It starts arrestingly with a callous triple murder with the killer casually and noiselessly walking into a house and silently executing his three defenceless victims and follows it up with another surprise murder at Amsterdam airport, this time of an Interpol agent meeting up with a colleague. Said colleague is the film's principal man-hunter, played with Scandinavian stoicism (although he's supposed to be American), by Sven-Bertl Taube, who accompanied by his English, female contact in the city, former lover (as we learn) Barbara Parkins, tracks his quarry to a ruthless drug-smuggling ring, whose base appears to be of all things a monastery, which sidelines in manufacturing and dispensing toy dolls and bibles for the tourist trade, but which secretly contain packages of heroin. This gang thinks nothing of executing suspected informants or suspicious investigators and signifies their deaths with a symbolic "puppet on a chain", one of the toy dolls hung by a chain.

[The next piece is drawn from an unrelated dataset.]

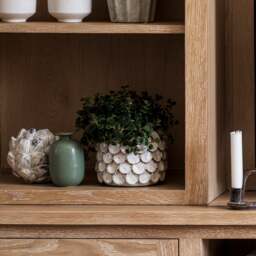 Dot Sculptural - White - Vase - The Cotswold Company - thumbnail 4
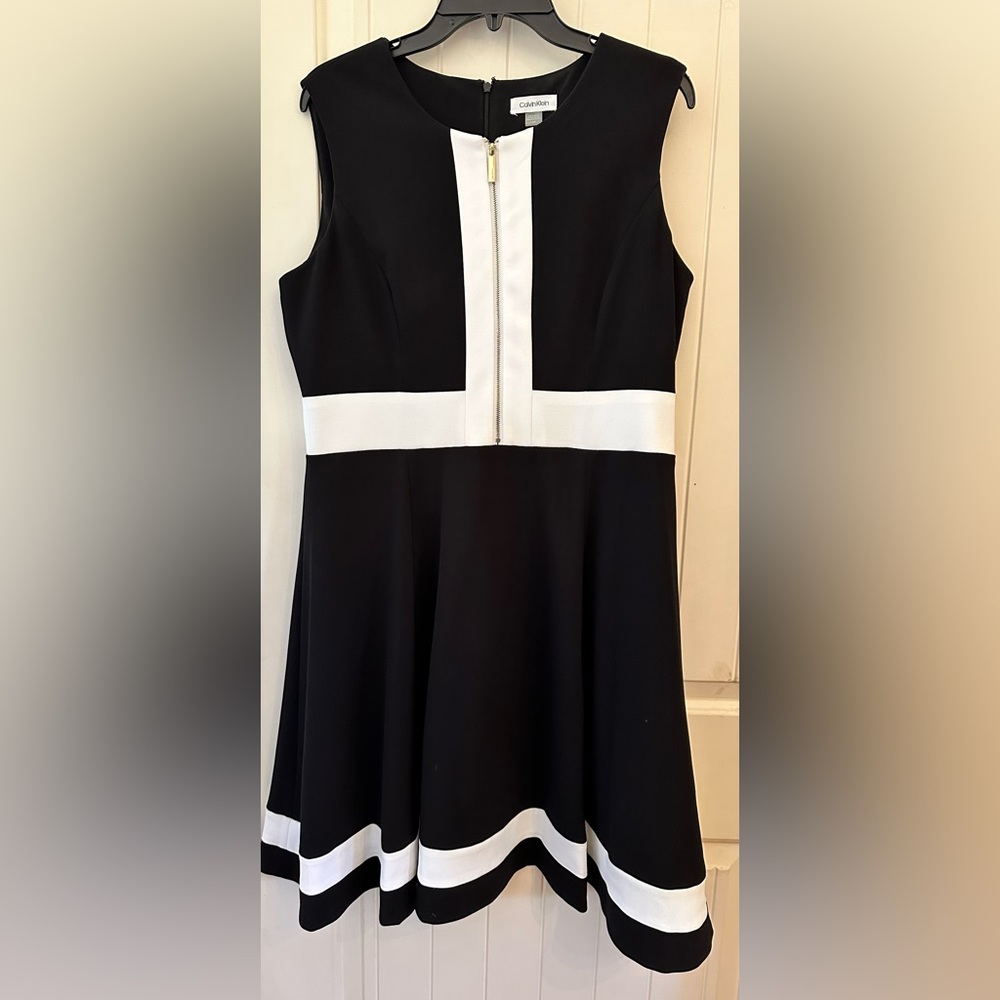 Calvin Klein sleeveless dress in black and cream. Size 14.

Being Alistair McLean, there's a major plot twist at the end when the gang-leaders are revealed which I admit I didn't see coming for once, itself following on from the aforementioned hair-raising pursuit through the waterways as Taube a chases the baddie more for personal revenge than for the ends of justice.

Like I said, there was a lot to like about this movie. The direction, although shared, I found to be pacy and engrossing, the acting above average, besides Taube and Parkins, I enjoyed seeing Mr "Voice of a thousand adverts", Patrick Allen in a cinema role for once and who ironically for a man famous for extolling the benefits of newly-built houses in the U.K. from a helicopter, finds himself in a life or death situation outside a building where a chopper might have been of benefit to him.

Sure the fashions, a cheesy disco sequence and an intrusive Euro-electric soundtrack date it somewhat but this on the whole was a gritty, low-key thriller which I really enjoyed. And trust me, I'm not yanking your chain when I say that.

Reviewed by robertconnor 6 / 10

Pure Seventies

Truly atmospheric Euro-thriller from the early seventies, boasting one of the best chase sequences ever, and a plot riddled with holes.

US Agent Paul Sherman (Taube) arrives in Amsterdam to investigate drug trafficking between Holland and the US. Together with undercover agent Maggie (Parkins) he begins to close in on the villains...

Given that Sherman and Maggie are working together, they don't seem to share much information. If they had debriefed each other a little more thoroughly, much of what eventually transpires could so easily have been avoided (e.g., how come Maggie fails to tell Paul about the dodgy nuns and the bibles she witnesses in church?). This (and the unexplained accents - a Swede playing a Dutch-American, a Brit and a Canadian playing Dutch) aside, it's action-packed, makes great use of its Dutch locations, and has a nice twisty ending.

Extra-groovy nightclub scene too!

Reviewed by zardoz-13 6 / 10

Slightly Above Average MacLean Yarn About Heroin Smuggling

Historically, the 1946 Dick Powell movie "To The Ends of the Earth" kicked off the drug smuggling movie genre when the old Production Code Administration amended the infamous Motion Picture Code in 1946 to allow the depiction of narcotics traffic. Previously, the PCA refuses in most instants to let filmmakers name the narcotics in their movies, much less show people abusing these substances. "The French Connection" captured the most awards with a Best Picture Oscar in 1971, and then the Alistair MacLean heroin thriller "Puppet on a Chain" came out in 1972. The formulaic "Puppet on a Chain" is not half as exciting as either "The Satan Bug" or "When Eight Bells Toll," two superior MacLean sagas. This ranks one of the lesser MacLean melodramas.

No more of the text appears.